Information for Observers

Due to an instrument problem, BLAST-TNG will not be ready to launch from Antarctica during the 2017-2018 season, but the BLAST collaboration is still planning to allocate 25% of the total available science time during our next flight to observing proposals from the astronomical community.  The proposal deadline will be delayed by at least six months from what was originally announced (see below). Note that these will be shared-risk proposals – observations will only be carried out if warranted by the in-flight performance characteristics of BLAST-TNG, as determined by the BLAST team after launch. Observations, data reduction, and production of science-quality maps will be carried out by the BLAST team on a best effort basis and with the understanding that BLAST team members will be co-authors on publications resulting from the observations.

BLAST-TNG observes simultaneously in three frequency bands centered at 250, 350 and 500 μm. An estimate for the mapping speed and resolution at each frequency band is given below. Assuming a 25-day flight, we expect to allocate approximately 125 hours of time to shared-risk proposals received from the astronomical community.

CALL FOR PROPOSALS

blastproposalquestions@northwestern.edu
blastsubmit@northwestern.edu

BLAST-TNG Shared Risk Proposal Information (PDF)

Schedule for the BLAST-TNG shared-risk observation program:

APRIL 4th 2017: Call for shared risk proposals
JUNE 2nd 2017: Notice of Intent Due
SEPTEMBER 1st 2017 (6PM EDT) Not before March 1, 2018: Proposal Deadline
OCTOBER 15th 2017 TBD: Proposal Evaluations Released
DECEMBER 2017 Not before December 2018: Launch of BLAST-TNG from McMurdo Station, Antarctica
EARLY 2019 TBD: First-look polarization maps released to shared-risk PIs
LATE 2019 TBD: Science-quality maps released to shared-risk PIs
TWO YEARS AFTER DELIVERY OF SCIENCE QUALITY MAPS: Shared-risk program data becomes public

Expected Mapping Speed

Based on our experience with BLASTPol we expect the following mapping speeds.

Central Wavelength [μm] 250 350 500
Beam FWHM [‘’] 25 35 50
σI (for a 1.0 deg2 map observed for 5 hours) [MJy Str-1] 0.39 0.21 0.08
Iminp =0.5%, time=5 hours, map area= 1.0 deg2)

[MJy Str-1]

220 120 44

Note: For a given map area and time observing the map (in the table we chose an area of 1.0deg2) Imin gives the minimum dust intensity for which the error in fractional polarization (σp) is less than 0.5%. For more details on BLAST-TNG sensitivity calculations and mapping strategy see the above Shared Risk Proposal Information (PDF) document.

Sky Visiblity from Antarctica

BLAST-TNG is restricted to observe with the telescope elevation between about 20 to 55 degrees.  The allowed range of telescope azimuth is set by the requirement that radiation from the sun does not reach the primary mirror.  The region of the sky available to BLAST-TNG therefore will change over the course of the flight.  Changes in latitude of the telescope as the balloon travels around Antarctica will also affect visibility.

infoforobs1

Expected visibility for BLAST-TNG on December 22nd 2017 at a latitude of -77.5 degrees (approximately the same as McMurdo Station). The visibility represents the total number of hours that each map pixel is visible in a 24 hour period. The background image shows the Galactic Plane dust distribution from the SFD models.

infoforobs2

Expected visibility for BLAST-TNG on January 21st 2018 at a latitude of -77.5 degrees (approximately the same as McMurdo Station). The visibility represents the total number of hours that each map pixel is visible in a 24 hour period.
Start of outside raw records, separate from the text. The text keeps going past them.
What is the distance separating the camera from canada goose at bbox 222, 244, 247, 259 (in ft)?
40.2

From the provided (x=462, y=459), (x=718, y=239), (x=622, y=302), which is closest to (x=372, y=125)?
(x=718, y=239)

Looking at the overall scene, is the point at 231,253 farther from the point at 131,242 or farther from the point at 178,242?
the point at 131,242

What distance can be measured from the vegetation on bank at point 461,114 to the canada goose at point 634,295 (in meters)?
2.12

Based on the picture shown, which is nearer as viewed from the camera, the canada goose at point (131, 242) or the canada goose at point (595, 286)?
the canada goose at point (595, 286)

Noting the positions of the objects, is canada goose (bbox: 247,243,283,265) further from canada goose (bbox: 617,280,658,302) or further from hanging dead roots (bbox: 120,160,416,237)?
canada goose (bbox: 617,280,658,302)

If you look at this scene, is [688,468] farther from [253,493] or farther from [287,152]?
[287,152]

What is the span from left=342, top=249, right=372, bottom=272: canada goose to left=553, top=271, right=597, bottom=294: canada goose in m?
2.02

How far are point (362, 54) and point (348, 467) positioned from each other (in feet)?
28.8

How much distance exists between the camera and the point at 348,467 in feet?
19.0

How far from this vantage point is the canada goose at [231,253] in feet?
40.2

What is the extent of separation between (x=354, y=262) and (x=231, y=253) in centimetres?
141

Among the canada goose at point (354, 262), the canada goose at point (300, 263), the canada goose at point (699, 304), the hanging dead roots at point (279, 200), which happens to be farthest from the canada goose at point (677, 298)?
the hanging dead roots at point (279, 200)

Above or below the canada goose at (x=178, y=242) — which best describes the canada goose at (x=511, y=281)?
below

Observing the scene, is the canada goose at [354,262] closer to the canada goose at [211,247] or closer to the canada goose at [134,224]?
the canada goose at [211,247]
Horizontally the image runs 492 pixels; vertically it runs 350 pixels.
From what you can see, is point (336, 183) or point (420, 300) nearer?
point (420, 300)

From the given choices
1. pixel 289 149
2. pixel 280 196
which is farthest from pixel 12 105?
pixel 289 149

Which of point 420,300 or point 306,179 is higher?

The background image shows the Galactic Plane dust distribution from the SFD models.

Reserved Objects List

Reserved Objects List

Reserved Objects List for the BLAST-TNG flight. Click to enlarge.
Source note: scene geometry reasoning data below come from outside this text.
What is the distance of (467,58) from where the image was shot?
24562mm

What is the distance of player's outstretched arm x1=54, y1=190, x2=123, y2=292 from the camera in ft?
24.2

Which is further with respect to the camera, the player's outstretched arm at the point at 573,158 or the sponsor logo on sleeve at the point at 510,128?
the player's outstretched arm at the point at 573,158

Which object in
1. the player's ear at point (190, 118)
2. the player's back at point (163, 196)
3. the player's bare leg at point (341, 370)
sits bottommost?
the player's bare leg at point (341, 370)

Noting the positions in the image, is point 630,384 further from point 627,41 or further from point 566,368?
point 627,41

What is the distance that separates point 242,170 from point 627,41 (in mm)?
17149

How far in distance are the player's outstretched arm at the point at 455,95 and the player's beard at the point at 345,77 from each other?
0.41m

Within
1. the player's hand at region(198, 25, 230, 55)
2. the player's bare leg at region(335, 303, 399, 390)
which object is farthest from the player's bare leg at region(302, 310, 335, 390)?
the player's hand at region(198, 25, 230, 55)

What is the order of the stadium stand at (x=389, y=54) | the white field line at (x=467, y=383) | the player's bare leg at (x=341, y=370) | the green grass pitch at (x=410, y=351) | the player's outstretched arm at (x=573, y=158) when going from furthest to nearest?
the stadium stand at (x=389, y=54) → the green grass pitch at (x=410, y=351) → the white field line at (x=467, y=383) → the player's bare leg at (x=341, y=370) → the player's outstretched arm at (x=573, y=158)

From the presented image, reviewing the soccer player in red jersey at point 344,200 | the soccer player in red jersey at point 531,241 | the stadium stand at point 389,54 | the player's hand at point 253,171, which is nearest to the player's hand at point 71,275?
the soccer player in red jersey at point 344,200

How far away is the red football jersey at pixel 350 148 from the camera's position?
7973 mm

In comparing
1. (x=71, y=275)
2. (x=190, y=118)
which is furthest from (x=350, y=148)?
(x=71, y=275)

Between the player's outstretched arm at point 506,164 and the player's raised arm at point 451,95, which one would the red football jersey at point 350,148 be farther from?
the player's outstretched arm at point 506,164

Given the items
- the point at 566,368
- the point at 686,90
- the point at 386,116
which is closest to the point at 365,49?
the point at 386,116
Shared-risk proposers may not propose to observe targets within these areas unless their particular science goal requires much better sensitivity or more sky coverage. Any maps made of these targets will be made publicly available within a year after first look papers are published. We indicate the map size and in the case of quadrilateral maps the corners of the region that will be observed (if no corner coordinates are given then the region is a square oriented parallel to the Galactic coordinate system). Cap scans indicate circular scan areas.